Piste d'écriture: en s'inspirant d'une photo de Jakob Tuggener, ancrer l’expérience, grâce à des détails qui vont amener le lecteur dans la sphère intime, physique, du personnage. Coré nous narre son histoire en conteuse...

Dans la vie il y a toujours au moins deux possibilités : courir ou marcher, se présenter de face ou de dos, être à l’heure ou en retard…
Betty court contre le temps, de dos, sans se poser de question. 
Droit devant elle il y a une ligne imaginaire : un fil tendu sur lequel elle se tient en équilibre, son expérience lui a prouvé que pour ne pas tomber elle ne devait à aucun moment regarder ses pieds. Une fois, une seule fois, elle a chuté. Elle ne veut pas que cela se reproduise. 
C’était un jour de novembre,  elle avait un train à prendre, un homme à rejoindre, sa valise était prête, pourtant elle a raté ce train.
Dans la vie il y a toujours au moins deux possibilités : s’en remettre au destin qui en a décidé ainsi ou se dire qu’on n’est bonne à rien, que cet homme était trop bien, que de toutes façons elle ne le méritait pas. 
Elle est remontée sur son fil tendu tout en accélérant son pas. 

 Ce matin elle ne se sent pas à son avantage, elle a manqué de temps pour se coiffer, dans l’idéal elle aurait aimé se laver les cheveux, les sécher afin de remettre bien en place sa jolie coupe au carré, et faire bouffer sa frange qui amène beaucoup de douceur à son visage . Au lieu de cela elle a préparé son repas pour la pause de midi. Hier elle avait pensé emporter un sandwiche avec du jambon et des cornichons; pourtant ce matin, après avoir pris son bol de café avec deux tartines de pain de campagne sur lesquelles elle a étalé de la marmelade d’orange, la question du déjeuner s‘est reposée : l’envie du jour était  autre. Après avoir longuement tergiversé avec sa raison, elle a fini par suivre cet élan qui au final a exigé un temps de préparation plus long. 

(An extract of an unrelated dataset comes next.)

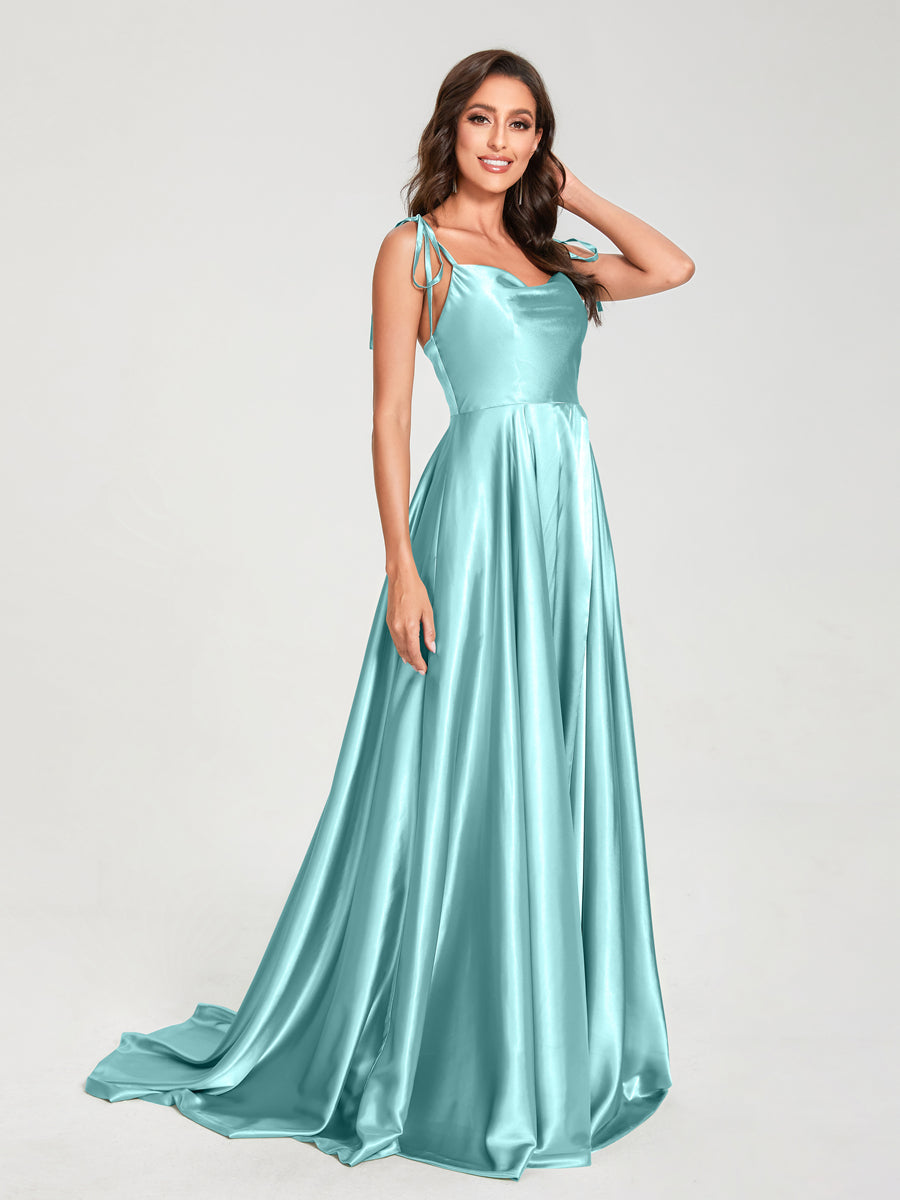 A-Line Spaghetti Straps Sleeveless Long Silk Like Satin Bridesmaid Dresses Sky Blue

La durée nécessaire à sa coiffure est passée dans la poêle à frire !  C’est drôle mais ça ne l’a pas fait rire, elle s’est mise à se faire des reproches : « c’est toujours la même histoire, je m’organise mal, et au final je n’arrive jamais à faire tout ce que je voudrais faire », et patati et patata, la machine infernale s’était mise en marche, elle s’est dévalorisée, comme elle s’est appliquée à bien le faire ça lui a pris un certain temps, ce qui l’a mise davantage en retard. Un cercle vicieux qu’elle connait bien. Vite : elle  a ouvert le tiroir de sa commode, a pris le premier foulard qui lui est tombé sous la main, l’a mis autour de sa tête, et hop en route pour le travail. 

 Il est 8h, elle court dans l’allée centrale, elle distingue à peine les bâtiments sur sa gauche. Cela fait sept ans qu’elle travaille dans cette usine. L’habitude aveugle qu’elle a de ce lieu l’a peu à peu transformé en un parfait inconnu.  
Soudain sa course est ralentie par l’étrange sensation d’être presque nue, la fraicheur de cette heure matinale traverse ses pas pressés. Le fil du temps s’effiloche, il menace de céder : Abasourdie, elle réalise qu’elle est restée en chemise de nuit, sa blouse simplement enfilée par-dessus. En plus elle a oublié son repas. 
Tout ça pour ça, comment a-t-elle pu en arriver là ? 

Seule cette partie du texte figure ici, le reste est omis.